PII-115 - A SIMPLE AND SENSITIVE ULTRA-HIGH PERFORMANCE LIQUID CHROMATOGRAPHY TANDEM MASS SPECTROMETRY (UHPLC-MS/MS) ASSAY TO QUANTIFY TIZANIDINE AND ITS METABOLITES IN HUMAN PLASMA

Y. Wu¹, J. Lu¹, W. Osei^2,3, A. Rashidian¹, A. Colwell¹, Z. Desta⁴; ¹Division of Clinical Pharmacology, Indiana University School of Medicine, Indianapolis, IN, United States, ²Department of Pharmacy Practice, School of Pharmacy, Purdue University, Indianapolis, IN, USA, ³Purdue University, West Lafayette, IN, USA, ⁴Division of Clinical Pharmacology, Indiana University School of Medicine, Indianapolis,IN, US.

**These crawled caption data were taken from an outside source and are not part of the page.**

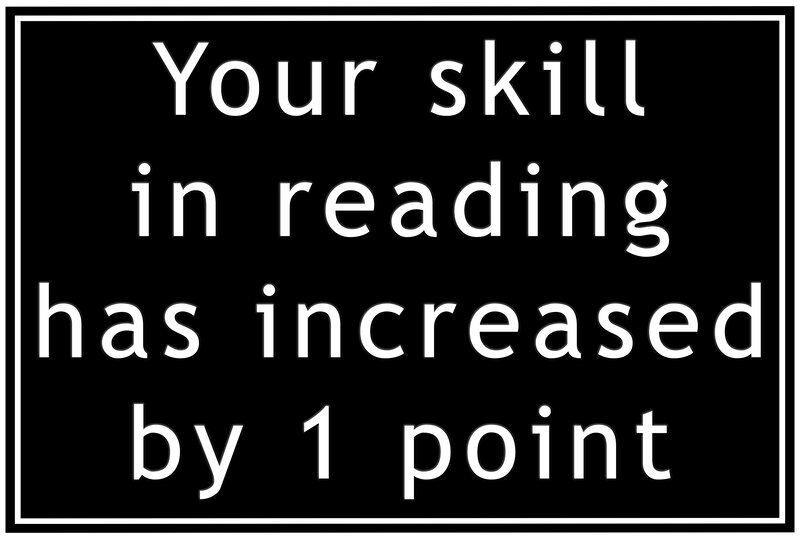 Reading skill increase notice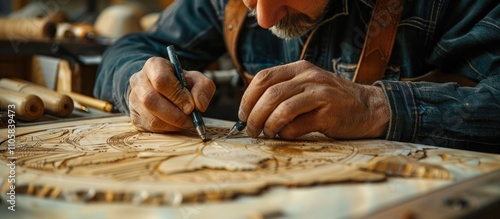 Close up of skilled artisan s hands meticulously carving an intricate wooden design using traditional tools in a cozy workshop setting  Showcasing the patience photo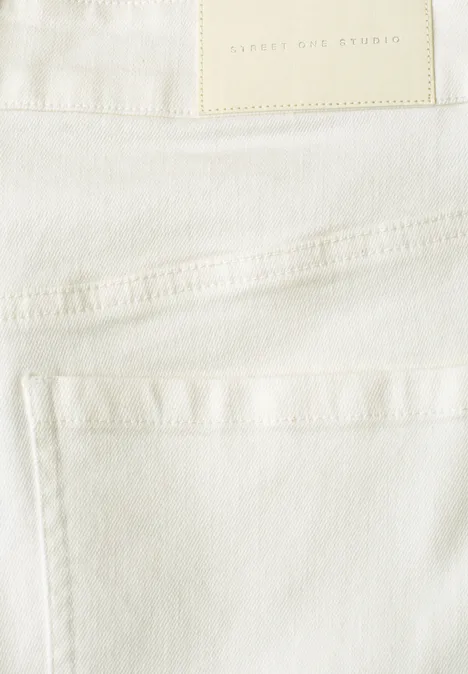 Mid Waist Wide Leg Jeans met Borduring Ecru Washed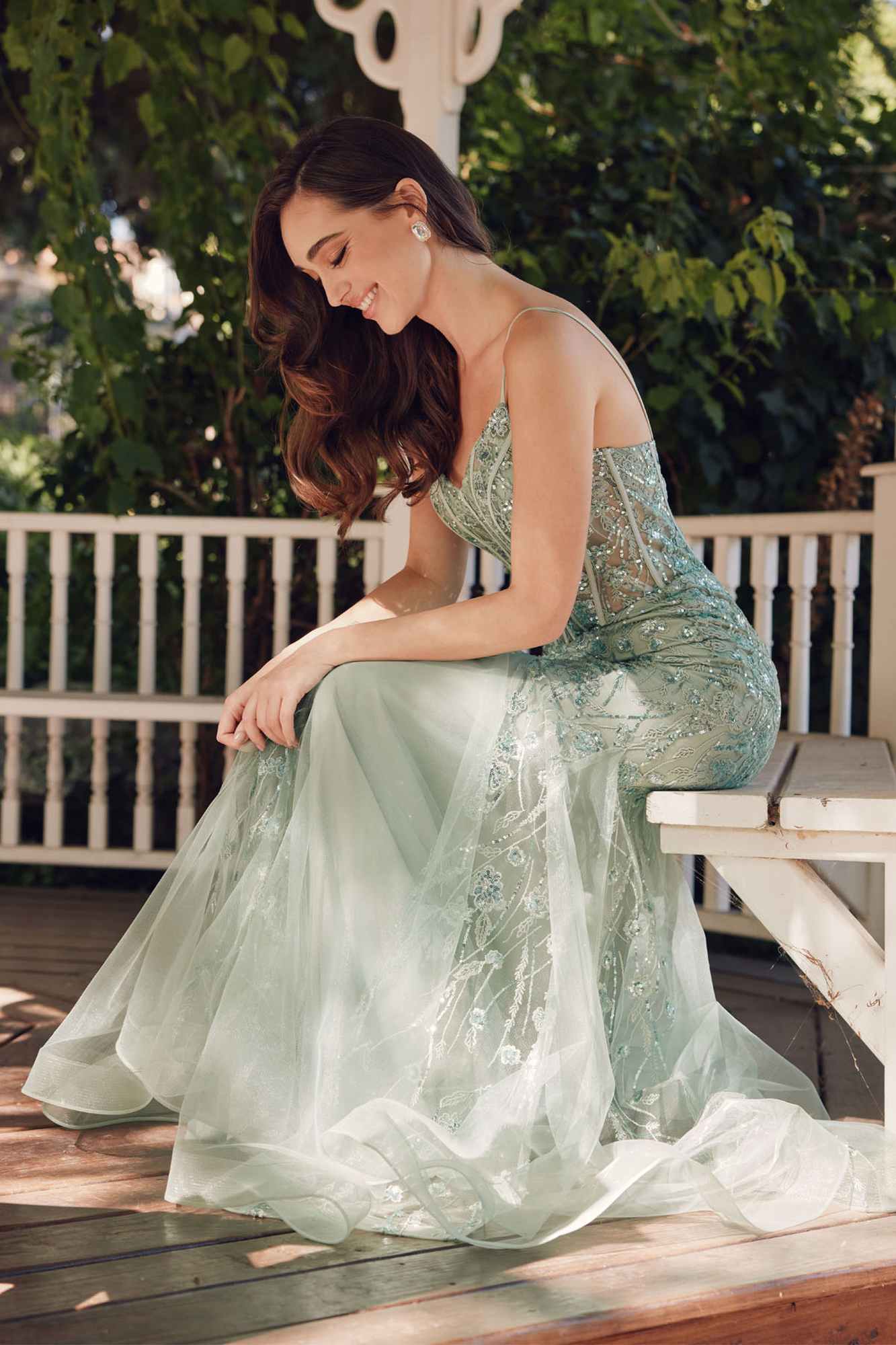 Juliet JT2441S Long Corset Bodice Embellished Sleeveless Mermaid Dress by DiscountDressShop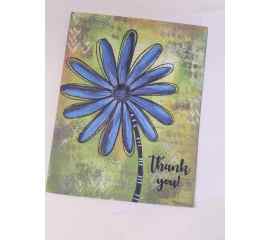 This "Blue Daisy"  Thank You Note Card & Envelope, blank inside is made with love by Studio Patty D! Shop more unique gift ideas today with Spots Initiatives, the best way to support creators.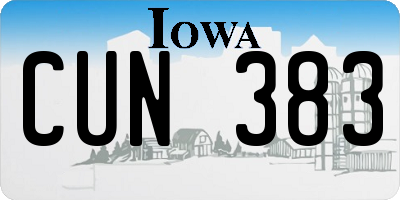 IA license plate CUN383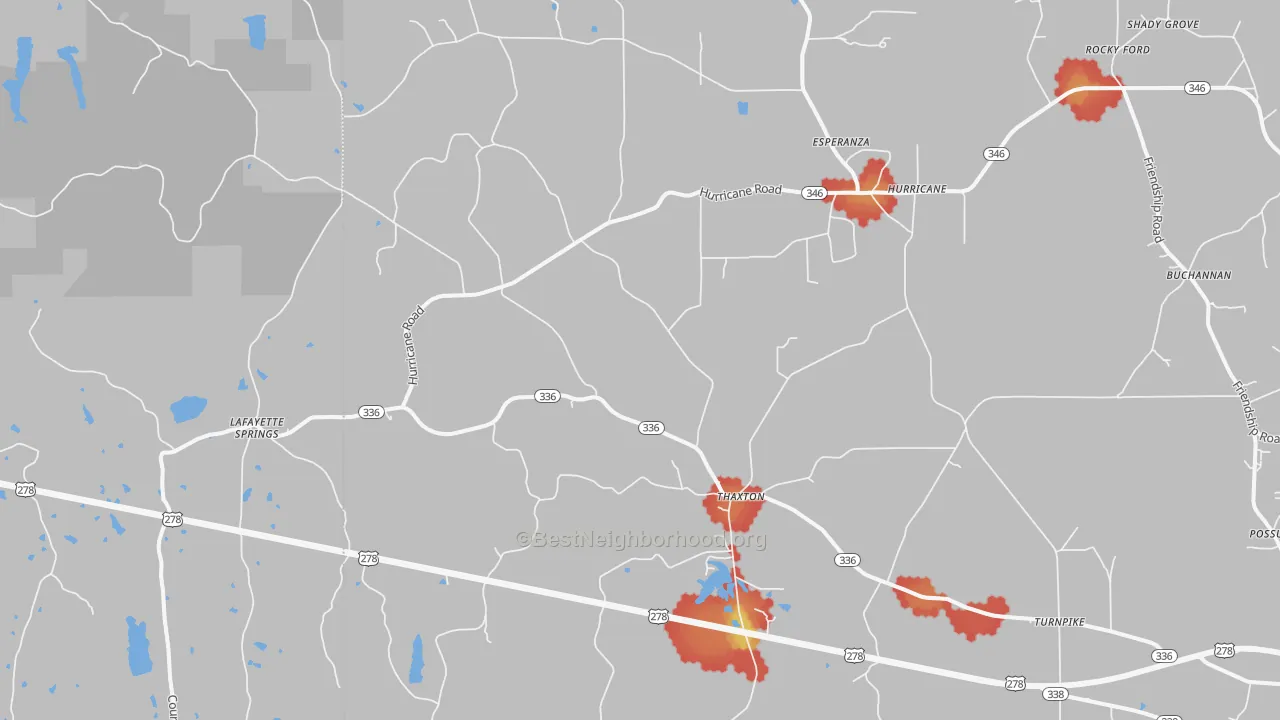 Walk Grade map of 38871, MS, walkable areas in green and car-dependent areas in red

Background: Tizanidine, a muscle relaxant metabolized by CYP1A2, exhibits large intersubject variability, especially with CYP1A2 inhibitors. Current assays quantify only tizanidine and require complex extraction, prompting the need for a simple and sensitive method to quantify tizanidine and its metabolites, to better understand tizanidine disposition and drug-drug interactions (DDIs).

Methods: A novel UHPLC-MS/MS assay was developed to quantify tizanidine and its 6 metabolites in human plasma using a QTRAP 6500+ mass spectrometer with an electrospray ionization source, coupled with a UHPLC system. MS optimization for compound- and instrument-dependent parameters for each analyte was performed. Data were acquired in positive mode, and quantification was made via MultiQuant software. Multiple reaction monitoring was used to measure Q1/Q3 transitions. To each 100 µL plasma sample, methanol was added to precipitate protein, with nevirapine as an internal standard. After centrifugation, aliquot of the supernatant was injected to UHPLC-MS/MS system. Chromatographic separation was achieved using a 150 × 4.6 mm, 5 µm C8 column with a mobile phase of aluminum acetate and methanol, delivered via gradient elution. The assay was fully validated, and its clinical utility was tested in a pharmacokinetic (PK) study of healthy subjects who received a single 4 mg oral dose of tizanidine.

Results: The developed method successfully quantified tizanidine, dehydro-tizanidine, guanidine-tizanidine, hydroxy-tizanidine, and additional metabolites (M3, M9, and M10). The assay demonstrated great linearity (R² > 0.99) for all analytes, with a lower limit of quantification of 0.01 ng/mL for tizanidine, dehydro-tizanidine, and guanidine-tizanidine, and 0.03 ng/mL for hydroxy-tizanidine. Except for hydroxy-tizanidine, intra- and inter-day variability of most analytes ranged from 2% to 16%, with accuracy between 85% and 130%. The method was successfully applied to determine plasma PK of tizanidine and its metabolites in 3 healthy volunteers who took tizanidine.

Conclusion: We have developed a novel UHPLC-MS/MS method to successfully quantify not only tizanidine but also for the first time 6 metabolites in human plasma. This reliable method can be used in in vitro and PK studies to understand mechanisms of intersubject variability and DDIs involving tizanidine.